This form and your responses to the questions therein concern ACH Debit/Funds Transfers that will take place in connection with your participation in the Cuban Pharmacy Affiliate Network and the Team Cuban Card program. Upon completion of the form, this document shall constitute an Addendum to, and shall be deemed incorporated into your CPD Affiliate Network Participation Agreement (the “Agreement”), pursuant to which your pharmacy has become part of the Cuban Pharmacy Affiliate Network. This form is secure. The form is designed to be completed separately for each pharmacy.

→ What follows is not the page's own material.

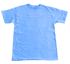 Tennessee Forever Tee - Light Blue Image 3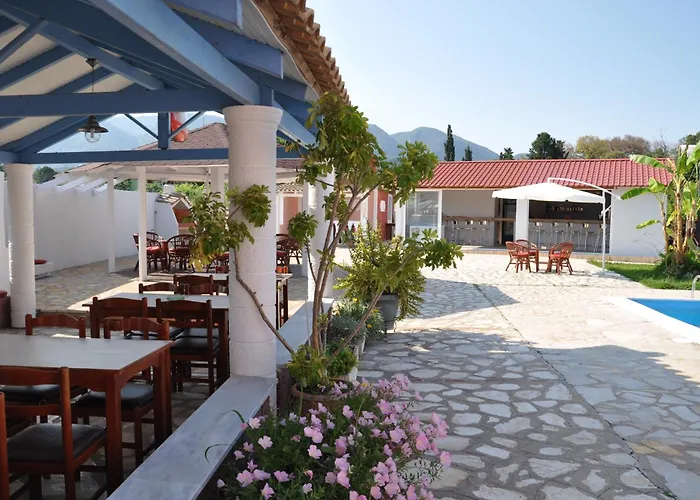 Tassos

If you are completing this form on behalf of 7 or more pharmacies, please contact us directly to arrange for an excel spreadsheet upload.
PLEASE NOTE:
1. By completing and submitting this form, you authorize Mark Cuban Cost Plus Drug Company, PBC, Mark Cuban Cost Plus Benefits, LLC, (collectively, “MCCPDC”) and our third party service provider partners—RevSpring, Inc., Loyale Healthcare, LLC, and any of our 3rd party payment processor partners (“Authorized Parties”)—to pay to MCCPDC all amounts payable by the named pharmacy to MCCPDC under the Agreement via ACH electronic funds transfer from the designated account using the information you include below. SUCH PAYMENTS SHALL INCLUDE, any fees that may be assessed from time to time in connection with such transactions, including, but not limited to, late fees (if the account has insufficient funds or if MCCPDC is otherwise unable to obtain payment from the designated account); and other fees incurred by MCCPDC in connection with such transactions including but not limited to ACH fees; transaction fees, refund fees, return fees, chargeback fees, fines, penalties, insufficient funds fees, or charges assessed by the Payment Networks as a result of violation of Payment Network Rules that pertain to MCCPDC's 3rd party merchant services provider’s (currently, Loyale Healthcare LLC rules and regulations). You acknowledge that a portion of the funds you collect from pharmacy customers who use the Team Cuban Card to make prescription drug purchases are property of MCCPDC and shall be held by you in the designated account for direct ACH debit in accordance with this agreement. In the event that any ACH debit results in an overdraft, or is denied due to insufficient funds, you will be responsible for any late fees payable pursuant to the Agreement as well as any transaction fees incurred by MCCPDC as a result thereof. Your bank also has the right to charge you additionally for overdraft fees, if applicable.
2. By completing and submitting this form, you also authorize the Authorized Parties to credit the designated account for any amounts due and owing to the pharmacy by MCCPDC pursuant to the Agreement, or to correct an erroneous debit from the account.
3. You must complete this form for each pharmacy that is subject to your Agreement and which you would like to have participate in the Cuban Network UNLESS all are in a central bank account for your pharmacies as a chain.
4. When completing this form, You cannot store and save information before submitting the form. We suggest you print out the form, collect your responses, and complete it in one session.